When it became apparent to Henry that such was Campeggio’s mandate, he grew furious. Blaming Wolsey for this new delay, he ordered the elderly Lord Chancellor to render up his Great Seal of Office and to retire to his priory at Esher, there to await the king’s pleasure. (As the loyal Duke of Suffolk was quoted as saying at the time, “It was never merry in England since we had Cardinals here!”) Wolsey’s position was taken by the great humanist, Thomas More, much against More’s wishes. That gentle, domestic and learned man had no desire to enter the halls of power; he preferred the quiet, studious family life of his manor house at Chelsea. Furthermore, he had his own doubts and questions about the “King’s Great Matter”, as it was called, which he foresaw could land him in hot water as well as Wolsey in the not too distant future.

At length Henry, maddened by his desire for Anne and his need for an heir, determined not to be thwarted, and, conveniently convinced of the justice of his cause, issued through Parliament a bill declaring himself the Head of the Church in England, and making it treason for any Englishman to own allegiance to any power but the King, including allegiance to the Pope – though this allegiance had traditionally been accepted as the only authority on earth which could supersede that of the Crown. In this move Henry was greeted by his subjects either with great acclaim or with shock and rebellion.

There were many who had resented the increasing power of the Papacy, and the enforcement of the yearly tax paid to the Vatican, known as Peter’s Pence, had been an growing burden on the poor in England.

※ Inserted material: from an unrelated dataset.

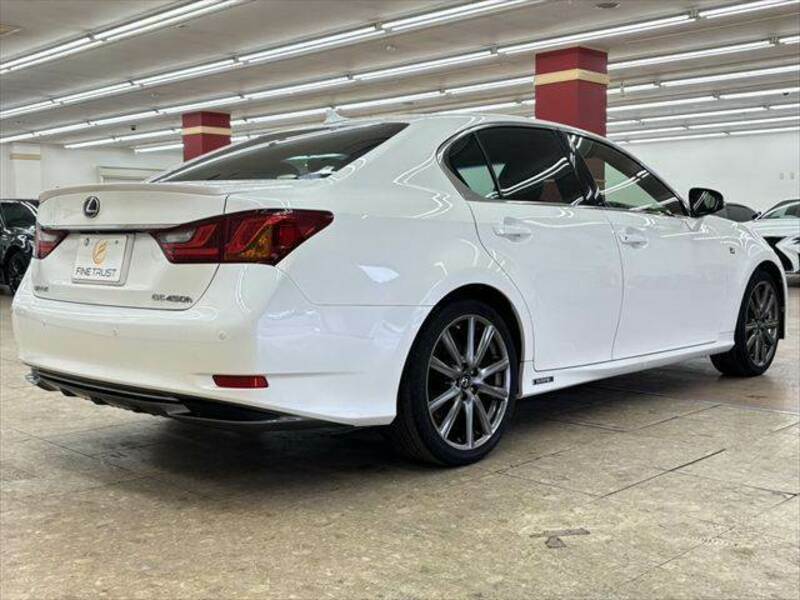 GS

In addition, the power, wealth and insulation of the Church in England had become an ever greater bone of contention among the people, as abbots and abbesses in many of the larger and wealthier monasteries lived out rich, comfortable lives, often in sexual promiscuity and debauchery, their vows of poverty and chastity not worth the paper they were written on, and answering to no one, as they were not subject to the English judiciary.

Wolsey himself had a mistress and several children, and he was the highest papal authority in England, being Archbishop of Canterbury at the time of his fall from grace. Many churches and other religious houses contained false relics of the saints – a vial of the milk of the Virgin Mary which turned out to be cow’s milk, replaced weekly; a piece of the True Cross which could be proved to be nothing more than a splinter of wood from some local carpentry shop; a flagon of the blood of St. Stephen, supposed to have mystical healing properties which, in reality, was pig’s blood.

There was an undeniable need for reform in the church of the time, but Henry’s motivations and his methods left much to be desired. He was not seeking to cleanse and rehabilitate, as a good son of the Church should do for the good of God’s people. He was using the irrefutable need for purging as an excuse to accomplish his own personal goals while simultaneously enriching himself materially. His motives were certainly suspect at the time by those of a skeptical turn, such as Thomas More and Archbishop Fox. To us today they appear disingenuous in the extreme – and which of us would have had the nerve to turn such a monumental schism of the known order to personal gain?